La política, dicen, es la farándula de los feos. De la misma forma, los discursos políticos suelen distar mucho de los grandes monólogos del teatro o del cine. O son acartonados y llenos de lugares comunes, o tibios, una papilla de respuestas provenientes de encuestas y de focus groups; son mendaces o incitadores a la violencia; o, al otro extremo, son, como los discursos de Barack Obama, llenos de una retórica exaltada que no va a ninguna parte.
Y luego, muy rara vez, hay discursos como el que pronunció el flamante presidente de Colombia, Gustavo Petro, el 20 de septiembre durante la 77° Asamblea General de la Organización de las Naciones Unidas (ONU). El sudamericano empezó esbozando la paradoja de su país, que es a la vez la de América Latina: una tierra de mariposas amarillas donde no sólo bajan las aguas abundantes sino también los torrentes de la sangre.
Petro procedió a preguntarse “cómo conjugarse la belleza con la muerte”, explicando cómo la coca, planta sagrada de los incas, se ha vuelto el blanco de venenos y glifosato, fuegos que se han desatado sobre la misma selva que nos salvaría del cambio climático. Tendió luego un puente mortífero entre las dos Américas: por destruir o poseer esa hoja muere un millón de latinoamericanos asesinados, mientras que encarcelan a dos millones de afros en el norte, negocio de las empresas carceleras privadas. Y miró hacia el futuro: si la guerra contra las drogas se prolonga 40 años más, unos 2.8 millones de jóvenes estadounidenses morirán de sobredosis por fentanilo, matanza silenciosa que se yuxtapone con el genocidio cruento del sur.

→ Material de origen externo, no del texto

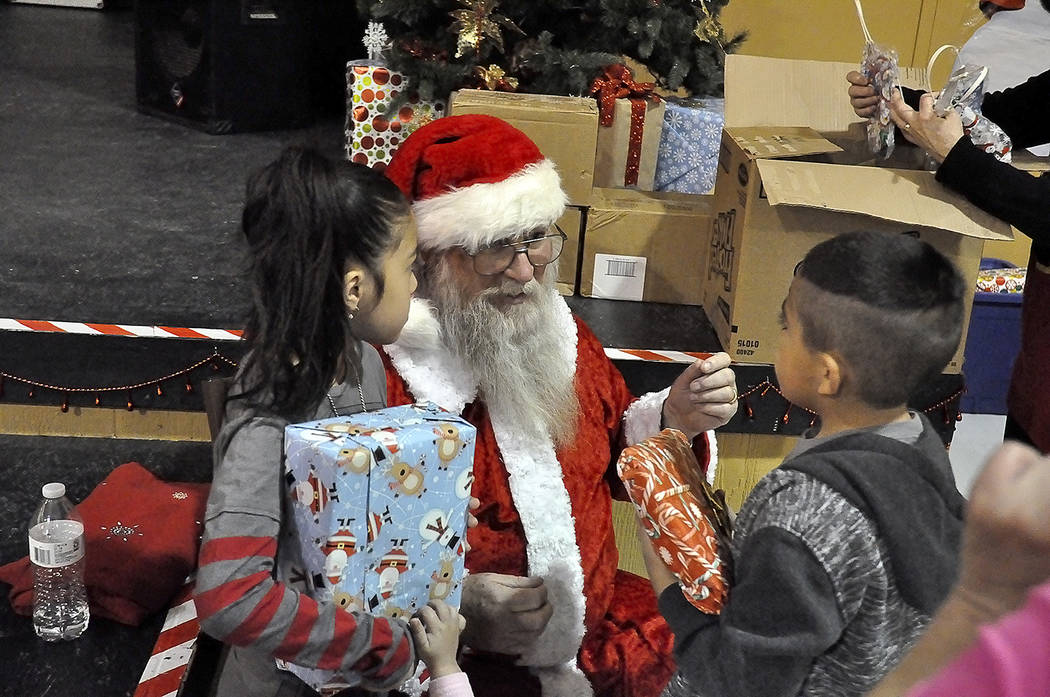 Horace Langford Jr./Pahrump Valley Times
Following a very long and busy Christmas Day, Santa Claus still had the time, energy and presents to make a special appearance at the Holiday Task Force's  ...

Porque el culpable de romper el encanto con el terror está ahí, en los vacíos y las soledades de una sociedad que corre a vivir entre las burbujas de la droga. Una sociedad que pide más carbón y petróleo para calmar las adicciones del consumo, del poder y del dinero. Una sociedad cuyo puritanismo hace que no vea en la exuberancia y vitalidad de la selva más que como lo lujurioso, lo pecaminoso. Una sociedad de cuentas bancarias tan ilimitadas que no podrán gastarse en el tiempo de los siglos.
Yo crecí en ese Estados Unidos que describe. Conocí, detrás de la máscara de abundancia, una desesperanza tan honda que me sacó de la comodidad de lo conocido. Conocí la sequedad que encarcela las almas y conduce a sus víctimas a echar la culpa a una planta. Como Petro, quería buscar una intensidad que me salvara de las adicciones y de las nuevas esclavitudes. Como Petro, dudaba que el mercado nos salvaría de lo que el mismo mercado ha creado. Como Petro, temía que la acumulación del capital fuera la acumulación de la muerte. Como Petro, quería cambiar deuda por vida.
Y llegué a esta América Latina a la que el presidente de Colombia insta a unirse para derrotar lo irracional que martiriza nuestro cuerpo. Es una tarea que urge. De seguir ocultando estas verdades, de continuar con esta guerra fracasada, veremos morir tanto la selva como las democracias.
¿Para qué sirven los imperios si lo que viene es el fin de la inteligencia?